Kişinin düşünce sisteminde aşağıdaki sorular yoluyla yeni bağlantılar kurmasına yardımcı olunur.
"Benim bu işi ertelememin daha iyi olduğunu gösteren neler var?"
"Bu işe şimdi başlamamın daha iyi olduğunu gösteren kanıtlar neler?"
"Bu işi geciktirmek uzun vadede bana nasıl etki edecek?"
"Bu iş için ufak da olsa bir başlangıç yapamaz mıyım?"
"Şartlar istediğim gibi olmasa da bu işin bazı kısımlarını halledemez miyim?"
"Daha sonra gerçekten işi yapmak için doğru zaman olacak mı?
"Şimdi bir başlangıç yapsam neler olabilir; nasıl hissedebilirim?"
Bu soruları sormayı ve düşünmeyi alışkanlık haline getirdiğinizde erteleme sorununu aşma yolunda adım atmış olursunuz.
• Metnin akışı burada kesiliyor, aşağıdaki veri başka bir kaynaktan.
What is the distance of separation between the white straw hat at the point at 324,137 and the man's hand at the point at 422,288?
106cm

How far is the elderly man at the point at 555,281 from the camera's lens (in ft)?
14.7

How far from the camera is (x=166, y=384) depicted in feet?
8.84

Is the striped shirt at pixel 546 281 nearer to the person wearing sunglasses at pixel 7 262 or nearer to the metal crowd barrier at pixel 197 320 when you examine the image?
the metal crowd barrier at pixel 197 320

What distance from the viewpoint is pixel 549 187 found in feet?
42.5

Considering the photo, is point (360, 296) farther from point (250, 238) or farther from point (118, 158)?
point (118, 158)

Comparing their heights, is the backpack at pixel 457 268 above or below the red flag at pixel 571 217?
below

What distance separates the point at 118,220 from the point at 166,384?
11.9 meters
Bu sorgulamayı yapmak başlangıçta kolay ve alışılmış bir şekilde olmaz. Sürekli deneyerek ve cevapları not alarak ilerleyebilirsiniz. Bunun yanında işleriniz arasında basit bir öncelik sıralaması yapmak ve ne kadar zaman alacaklarını hesaplamak; durumu gözünüzde daha somut bir hale getirmenize yardımcı olur. Sorunu aşmakta zorluk yaşadığınız takdirde profesyonel hizmet seçeneğiniz de mevcuttur.